To say 2016-2017 is an eventful year would be the understatement of the century, largely due to the fact that, aside from Kobe Bryant’s retirement, Chris Blake, associate professor of English and communication,  will retire from Union on May 31 after 24 years.

Blake currently  teaches writing, along with public speaking/editing classes, as well as several Union Scholars classes.

During his time at Union, Blake created the Conflict and Peacemaking, Critiquing Film in a Global Context (with Dr. Robison) and Local Literary Wonders classes, the Amnesty/Tiny Hands Club, the Blake Family Peace and Social Justice Award and the Peace Sculpture Garden.

He’s also helped sponsor senior class gifts such as the gazebo and the electronic student missionary display in the Everett Dick Building lobby. Blake has enabled scores of students to get published in magazines, and for some even a book or two.

If you’re asking yourself, “Why is Blake retiring? He looks so young,” you’re not alone.

Believe it or not, Blake will be pushing 66 years in May, at which point he will have completed 40 years of working, 24 at Union College. One may conclude he served his time.

Blake goes on to say retirement is a misnomer. He speaks of plans to step aside from classroom teaching and concentrate full-time on writing books. He believes, “The process of writing is somewhat agonizing … The good kind of writing is difficult, but the bad kind is easy.”

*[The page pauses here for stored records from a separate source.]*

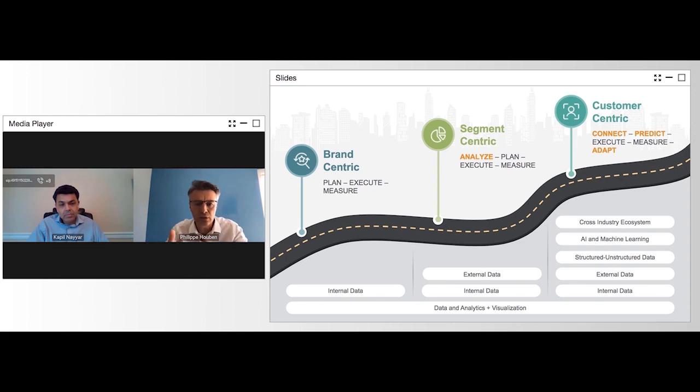We are pulling additional data sets, building on our data, analytics, and visualization tools. But if we are serious about being customer-centric, let's connect our internal and external people. Let's try to predict, let's try to determine what is the most appropriate message to that physician, what is the best channel to reach out to them, how can we help them identify the patients who should be treated. So we want to commit, predict, execute, measure, and adapt.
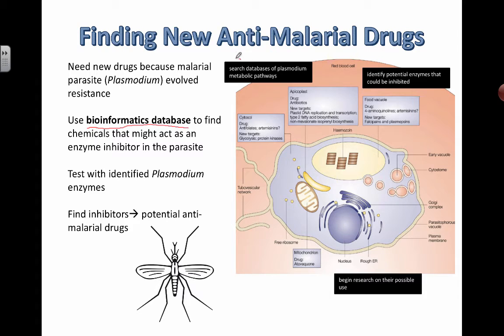If we understand how the plasmodium parasite — the protist that actually causes malaria — works and how its metabolism functions, we can search through its metabolic pathways and try to find particular areas that could be inhibited by inhibiting some of its enzymes. That's how a lot of drugs work: targeting metabolic pathways necessary for the organism to survive and finding ways to disrupt them.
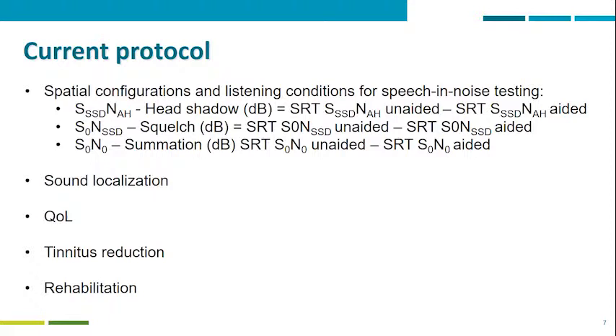One of the main issues that patients with single-sided deafness report is the lack of ability to localize where the sound is coming from, so it was agreed by the group that sound localization should be part of the assessment and evaluation protocol. In addition, quality of life questionnaires, tinnitus reduction for those who have tinnitus, and the rehabilitation process should be part of the discussion with patients.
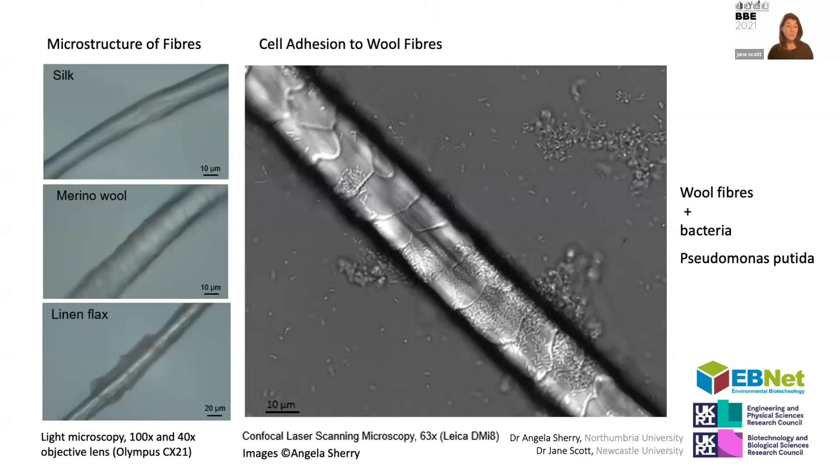We've been looking at how bacteria work alongside fungal mycelium and alongside fibers. Here you can see an image of a wool fiber with its scales, and within those scales you can see communities of bacteria. As a designer, what's fascinating is how we're moving across this huge scale in this work, seeing it as both a design challenge and a design opportunity.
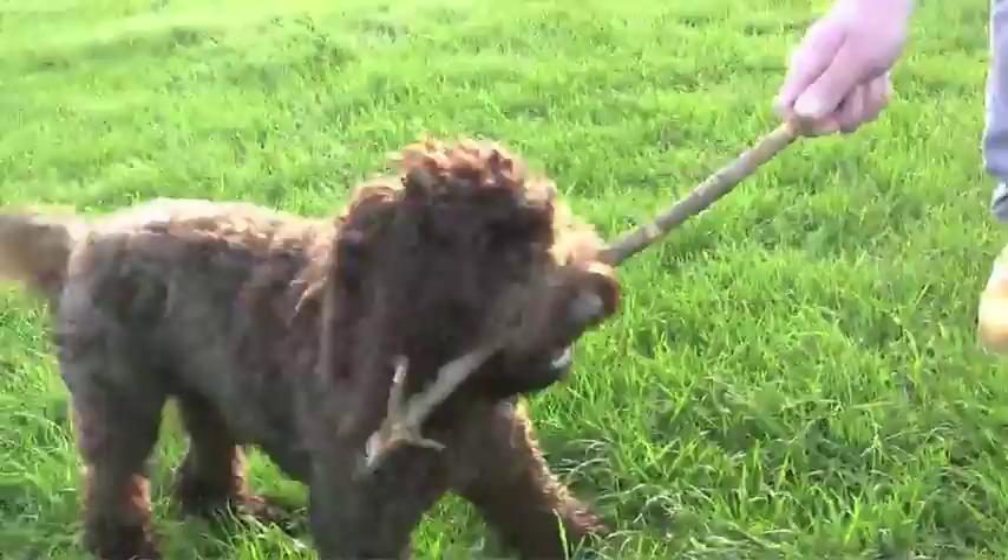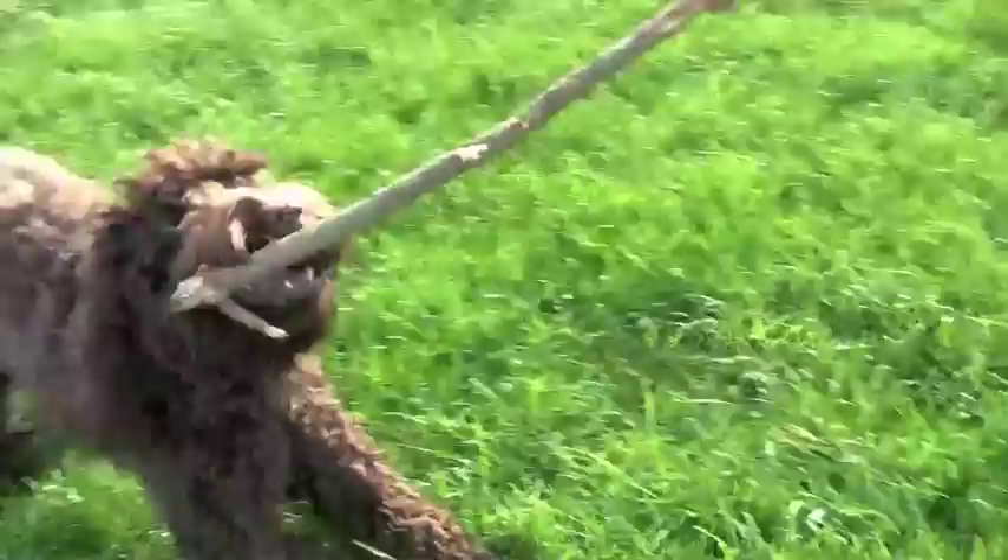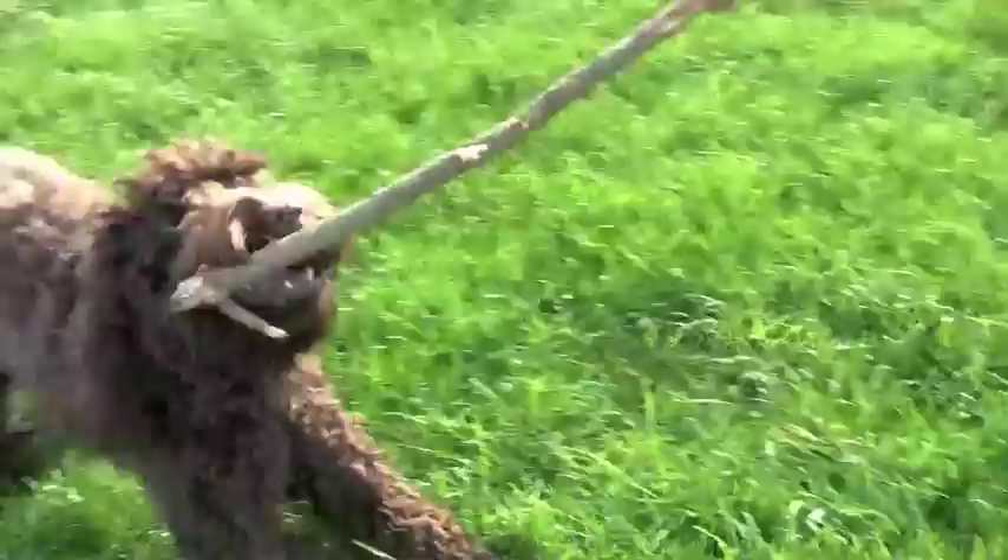Coat colouration, too, is very variable, as in the case of both of the cockapoos' ancestral breeds. Many cockapoos tend to be of a single colour, reflecting the poodle influence in their genes, but some will also have typically quite small areas of white markings, most usually on the chest and the underparts of the body.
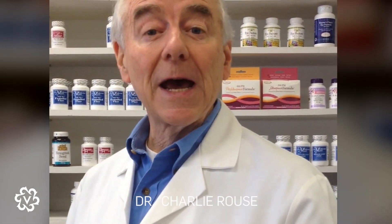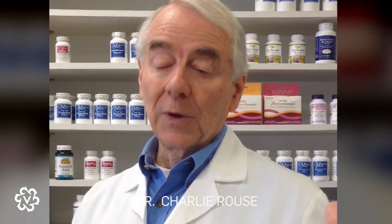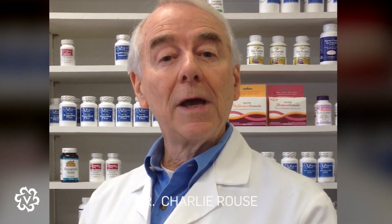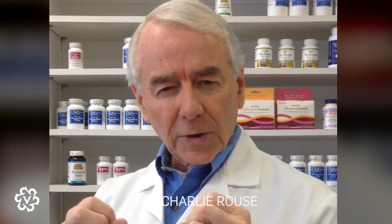Hey, Dr. Charlie Rouse, and I'd like to tell you about the VZI collagen and what makes it different from the other collagen and proteins on the world market. Two things in particular: the Arctic cloudberry, and the way that we have enzyme hydrolyzed the collagen to be in the smallest units that amino acids can be in. We call that Daltons.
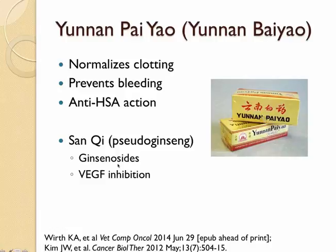The main active ingredient — the botanical name is Sanchi — contains ginsenosides. These have been shown to inhibit VEGF activity. VEGF and the VEGF receptor are among the main molecules involved in angiogenesis for these tumors.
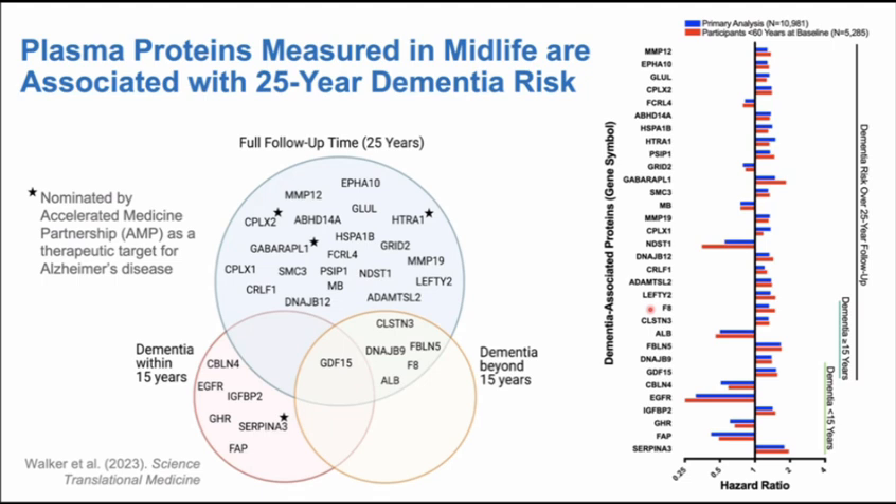We had a large enough sample to split it in half and take people in the lower age range — our 40- and 50-year-olds — and run the same analysis to see if proteins were still associated with dementia risk. Almost all of them were, and some showed even stronger associations in the younger half of the sample. So we do have bona fide midlife biomarkers, or at least midlife associations with predictive value.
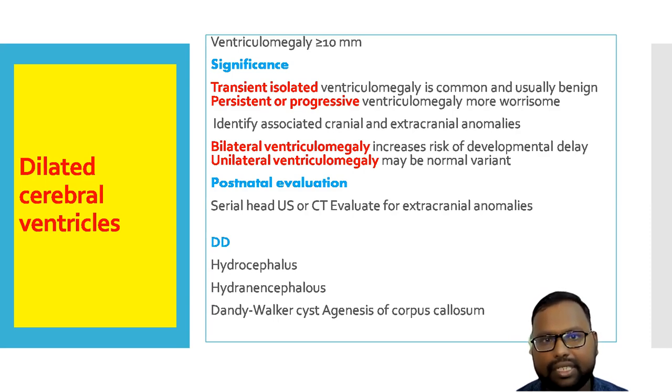If it is persistent or progressive, this condition is worrisome. If the baby is delivered, you have to repeat the cranial ultrasonography or CT and evaluate for extracranial anomaly. Differential diagnosis for dilated cerebral ventricle includes hydrocephalus, holoprosencephaly, Dandy-Walker cysts, or agenesis of corpus callosum. If ventriculomegaly is unilateral and transient, it is a benign condition — you do not have to panic.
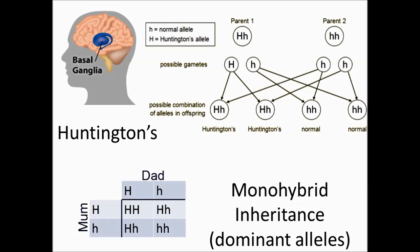Monohybrid inheritance: dominant alleles. Huntington's is a genetic condition that affects a part of the brain called the basal ganglia. The brain neurons of patients with Huntington's do not send electrical signals correctly to the muscles, causing difficulty in movement of all muscles — from skeletal muscles for movement to muscles that control breathing and swallowing.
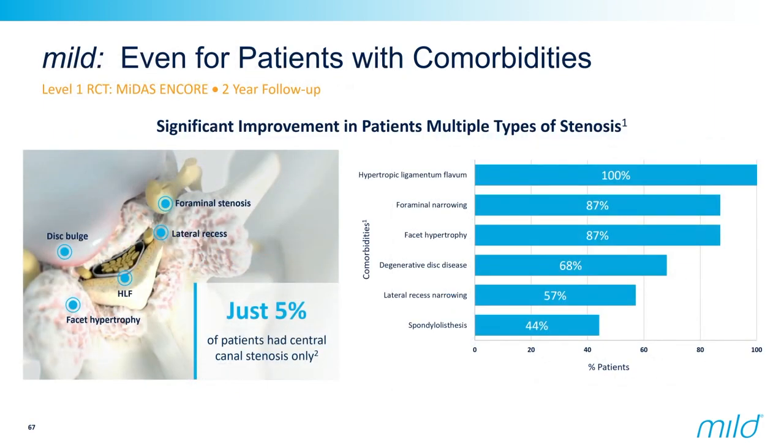This slide talks about the different comorbidities: foraminal stenosis, facet joint hypertrophy, degenerative disc disease — all things that go hand in hand with ligamentum flavum hypertrophy. We see a combination of those conditions in the patients we treat. Spondylolisthesis can be present as well, though it's not as common. As long as it's not higher than grade two, these patients are still having phenomenal outcomes and are a no-brainer for this procedure.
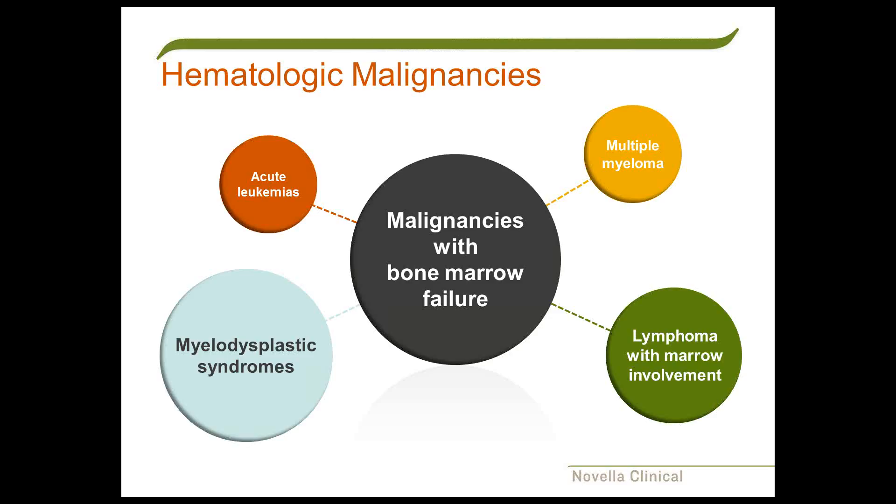Another related disorder is myelodysplastic syndrome, which is occurring more and more frequently as our population gets older, probably due to a lifelong environmental stem cell injury resulting in stem cells incapable of normal maturation and bone marrow failure. Diseases characterized by replacement of the bone marrow include multiple myeloma, in which plasma cells replace normal bone marrow elements, and malignant lymphoma, which with extensive bone marrow involvement can also result in bone marrow failure.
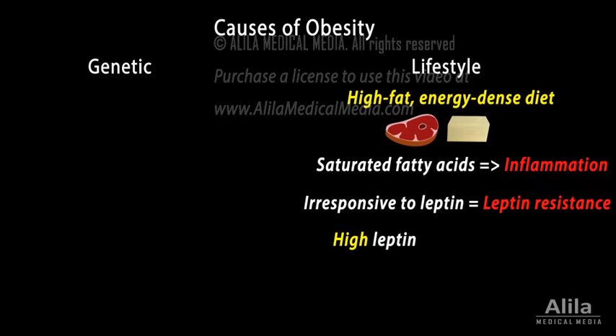Leptin levels are high, but because the cells cannot react to leptin, the brain interprets it as low and triggers the starvation response.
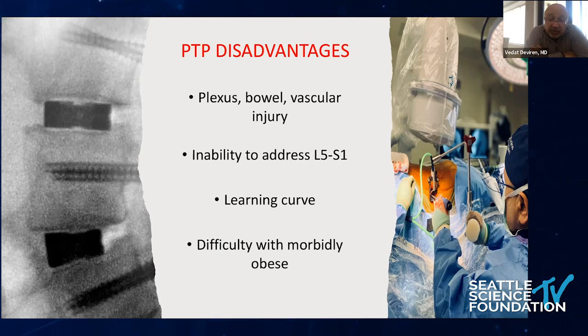Lateral decubitus position has more advantage for performing these procedures in morbidly obese patients. PTP is actually at a disadvantage with morbidly obese patients, because when placed on the table, if the belly doesn't go inside the table it pushes everything more posteriorly, and the bowel and muscles are more in your way in prone position with morbidly obese patients. So if the patient is morbidly obese, lateral decubitus position may be easier.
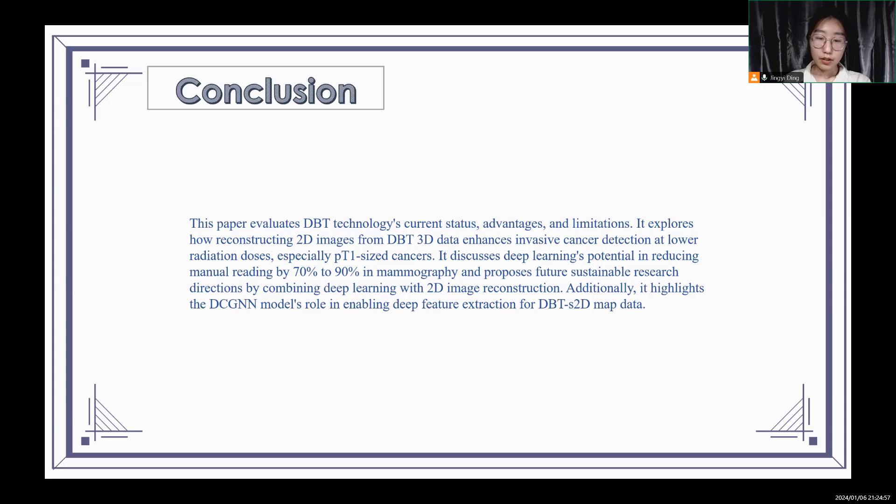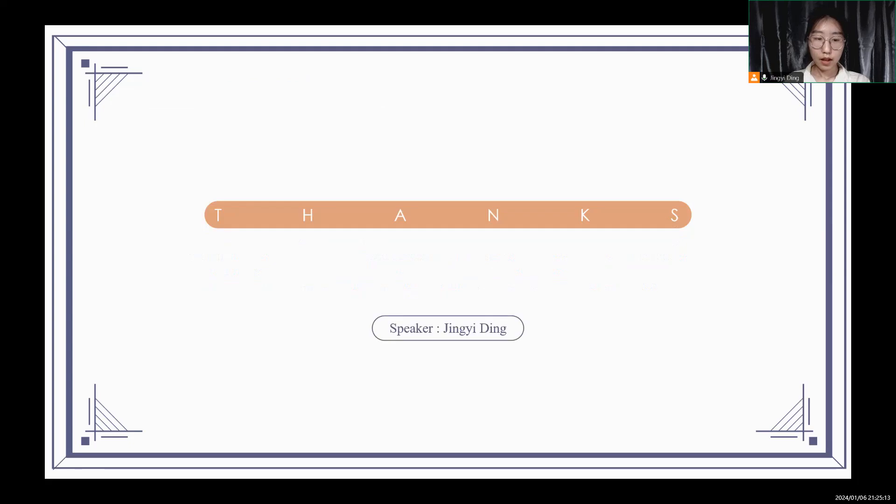Finally, the article proposes measures for the government, hospitals, and patients to reduce the incidence of breast cancer, and looks forward to future progress in 3D-CNN research. That was my speech. Thank you for listening.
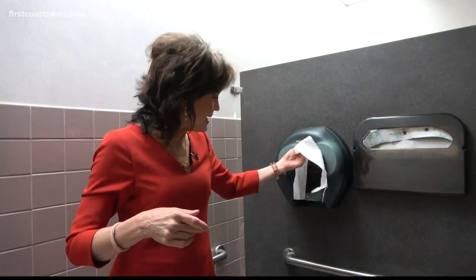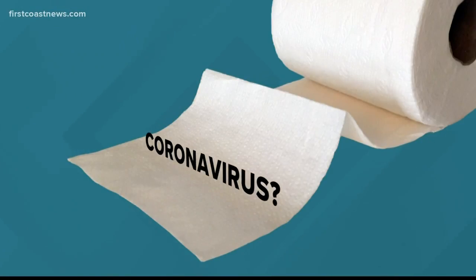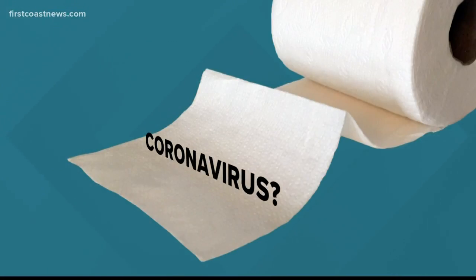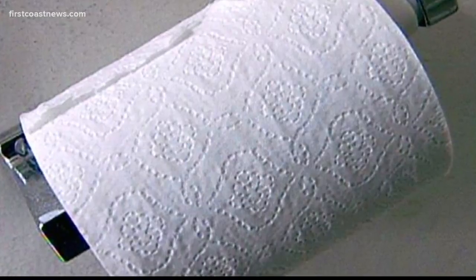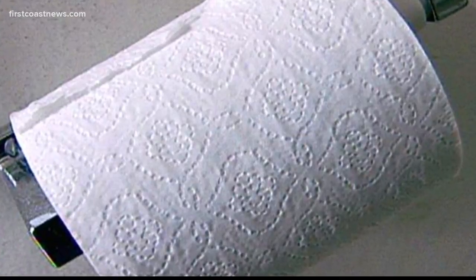I always look at the toilet paper dangling down and think, is that part bad to touch? Is it possible there could be coronavirus on the end of that toilet paper? Yes — if that person sneezed into their hand, grabbed the toilet paper, ripped it, and their hand touched the part they didn't pull away, virus can persist on that. Is it likely? Probably not, but it can happen.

In the past, he’s written hundreds of articles and several books, including “Searching for a God to Love” (published in five languages) and “Swimming Against the Current.”

If you haven’t gotten to know him yet, plan to. He’s happily married (celebrated 40 years this summer with a trip to Europe), has two sons, two daughters-in-law and three grandchildren. A few of his activities include lifting free weights, elliptical and ab workouts, disc golfing and mountain biking the precipitous peaks of Lincoln.

Did I mention he’s a pun master?

When asked what he will miss about teaching he responds, “I will miss a lot of aspects of teaching. I will not miss grading. You know what? I don’t like grading. In fact, I loathe grading. However, as a wise person has noted, ‘The one sign of maturity is doing what you need to do when you don’t feel like doing it.’”

Although the grading leaves much to be desired, he will miss “the students and my colleagues.”

When asked what his most memorable experience was within the last 24 years in Lincoln he speaks of the time when training for a team triathlon six years ago.

He fell from his bicycle onto the concrete bike path, broke his femur, and nearly died from pulmonary emboli 11 days later.  Although not quite the experience most would see as enjoyable, it certainly is memorable.

As he prepares to start a new journey as a full-time writer, he would like students to keep three things in mind: “Go with God; enjoy the journey. The journey is much more enjoyable with God, read ‘It’s the cracked ones that let the light through’ by Paul Moore, and remember communication is the key to life.”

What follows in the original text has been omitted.